For each class, I prepared to respond to rapid-fire questions about case law. I remember feeling particularly targeted because of my gender in my criminal law class.
As was tradition, I was only called on once in that class, and it was to answer the question: "What constitutes rape?" It was a particularly stinging way my professor used to call attention to my gender.
Somehow the required response--"penetration no matter how deep"--stumbled out of my mouth in front of all those men. The humiliation was profound (and of course that was the intent). In keeping with the tradition experienced by the few women who came before me, I was never asked to contribute in that class again, even though I had plenty to say.
When I graduated three years later, I moved to Washington, D.C., where the local newspapers still ran job advertisements for "women's" and "men's" jobs. I joined the Supreme Court Bar so I could get a front-row seat to hear the court's oral arguments. But whenever I took my prized seat, a court marshal inevitably approached and asked me to leave. He simply assumed I didn't--couldn't--belong in that section. Over and over, I had to prove that I did.
A few years later, I became executive director of the Women's Legal Defense Fund (now the National Partnership for Women and Families). In that post I fought to increase the number of female judges on the federal bench. With so few female lawyers and judges at the time, the prospect of a female justice seemed remote. As a result, in the 1970s I decided to spend our precious resources advocating for more lower-level female judges.
That was then.
Now, nearly half of the nation's law students are women, although--still, today--not even one-third of the nation's appellate and district court judges are female. Progress, yes, but tremendous work remains to be done.

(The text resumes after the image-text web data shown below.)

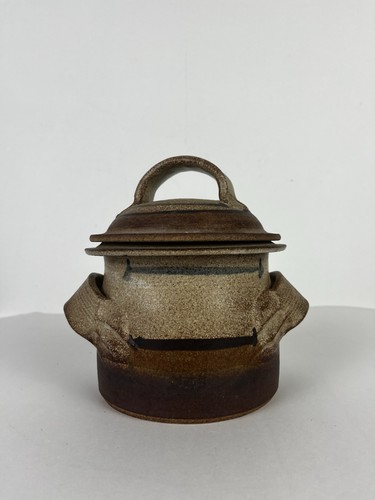 Vintage studio art pottery - vintage,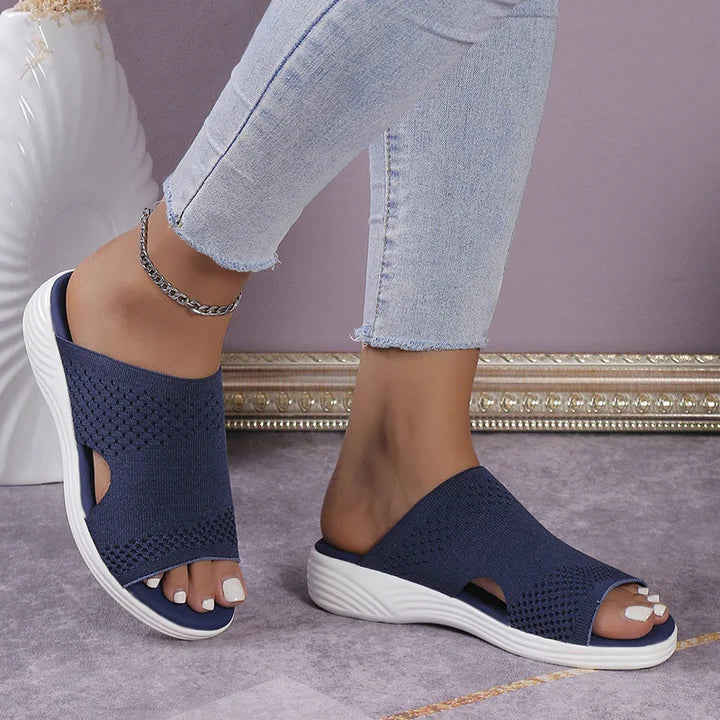 Orthopädische Freizeit Sandalen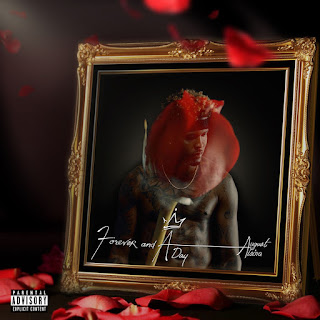 MP3 download August Alsina - Forever and a Day iTunes plus aac m4a mp3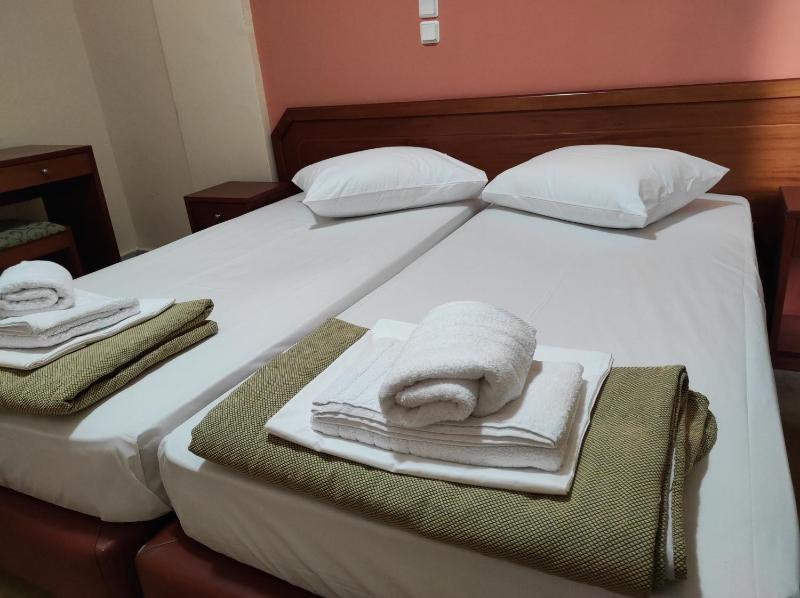 Budget Double Room image 1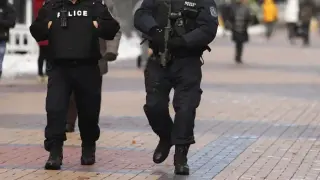 Иновации: Полицаите вече ще имат последно поколение...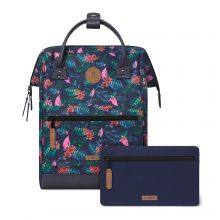 Cabaia Adventurer Medium Rugzak Oran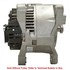 13664 by MPA ELECTRICAL - Alternator - 12V, Valeo, CW (Right), with Pulley, Internal Regulator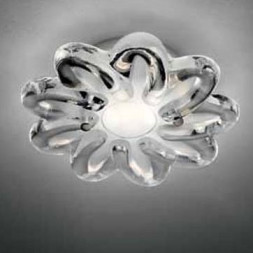 Встраиваемый светильник Italamp 3010/FA ext Etched / C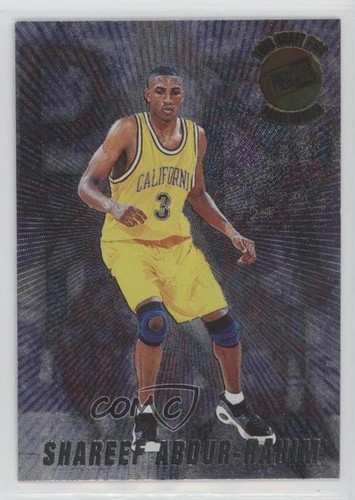 1996 press pass pandemonium - 1996,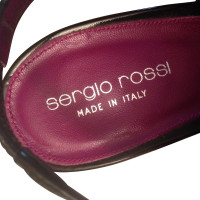 Sergio Rossi Sandals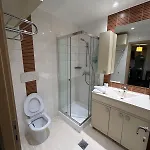 Aparthotel Rin Grand Residence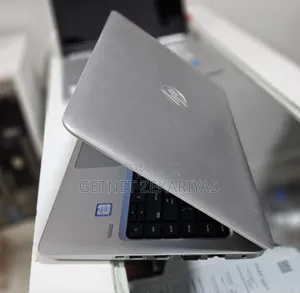 New Laptop HP EliteBook 840 G4 8GB Intel Core I5 HDD 1T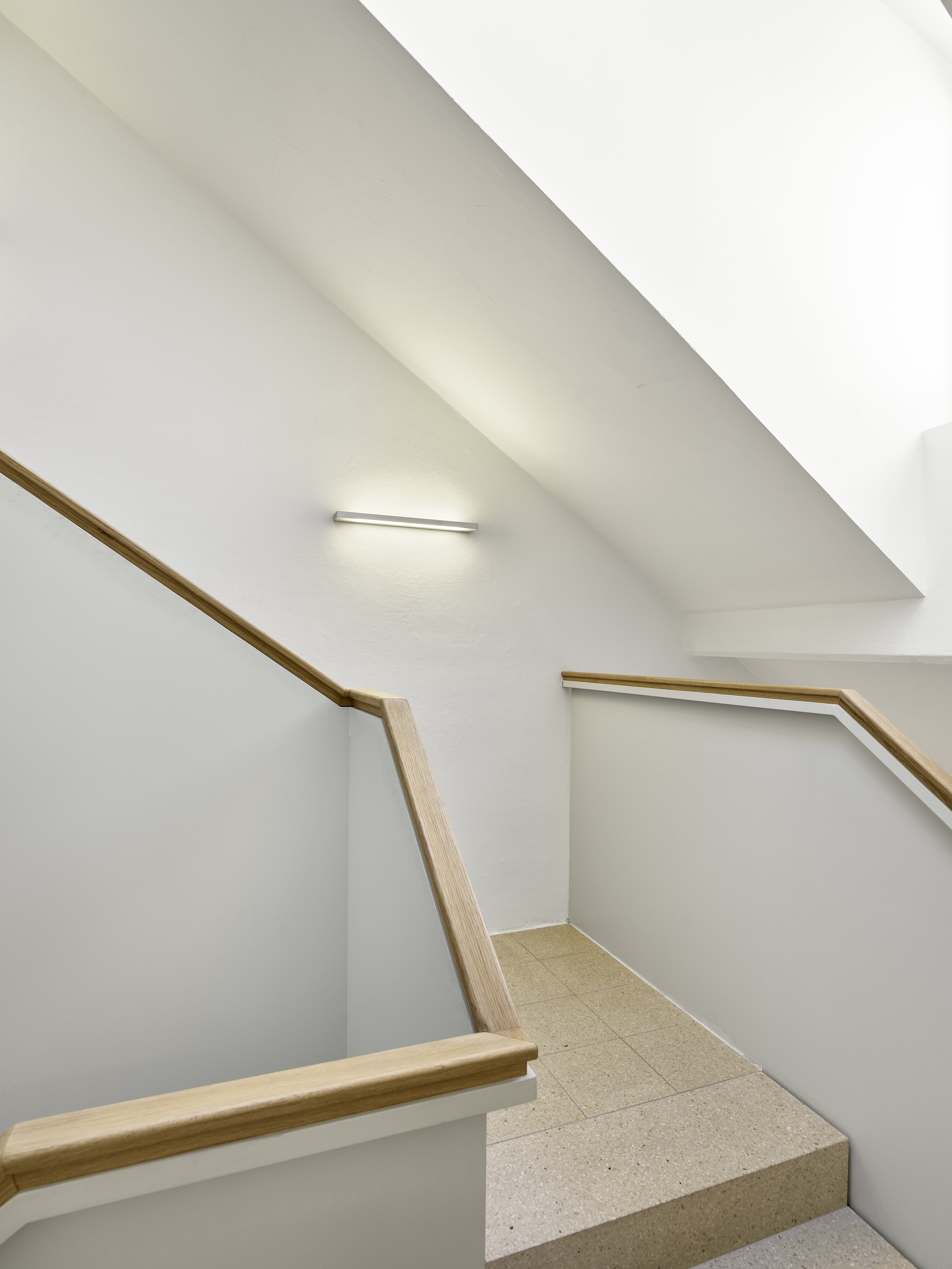 SML² Wall 600 silver © Studio Olaf Becker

Still, the Kagan nomination is cause to take stock and celebrate victories. Now, when I go to hear oral arguments in the Supreme Court, I am no longer asked to leave the Supreme Court Bar seating section. Now, we are on the brink of having three female justices. That's still shy of equality, but an incalculable increase over zero.
Kagan an Inspiration
I've known Kagan for many decades and I am so gratified to see a woman of her caliber nominated to this important post. In all her endeavors--as a practicing attorney, a law school professor, the first female dean of Harvard Law School and as our nation's first female solicitor general--Kagan has shown herself to be a woman of towering intellect, a fair and independent thinker and a fierce defender of justice for all. She is an inspiration to me and to all of us who strive for justice.
Even though Kagan is not the first woman to take a seat on the High Court, her appointment is still an important milestone in our long journey toward equal rights. That's because Kagan's nomination is about more than just numbers.
If she is confirmed, we will be one step closer to the day when a female nominee's gender is no longer remarkable, closer to that elusive cultural tipping point when it is no longer unusual to see women on the Supreme Court or in other positions of significant power. If three women are serving on the nation's highest tribunal, perhaps the gender of the fourth female justice won't be a focal point. I'd like to believe that her qualifications may be scrutinized, but her outfit won't.
We're still a long way from that day, but we're a lot closer to it than when I started working to fight sex discrimination more than three decades ago.
It has taken much, much too long to get to this point. But at least now, as I reflect on that recent White House ceremony, I can imagine the day when there are four--or even five!--female justices and, someday soon, true equality.
It's about time.
Judith L. Lichtman is the former president of the National Partnership for Women and Families. She is currently a senior advisor at the organization.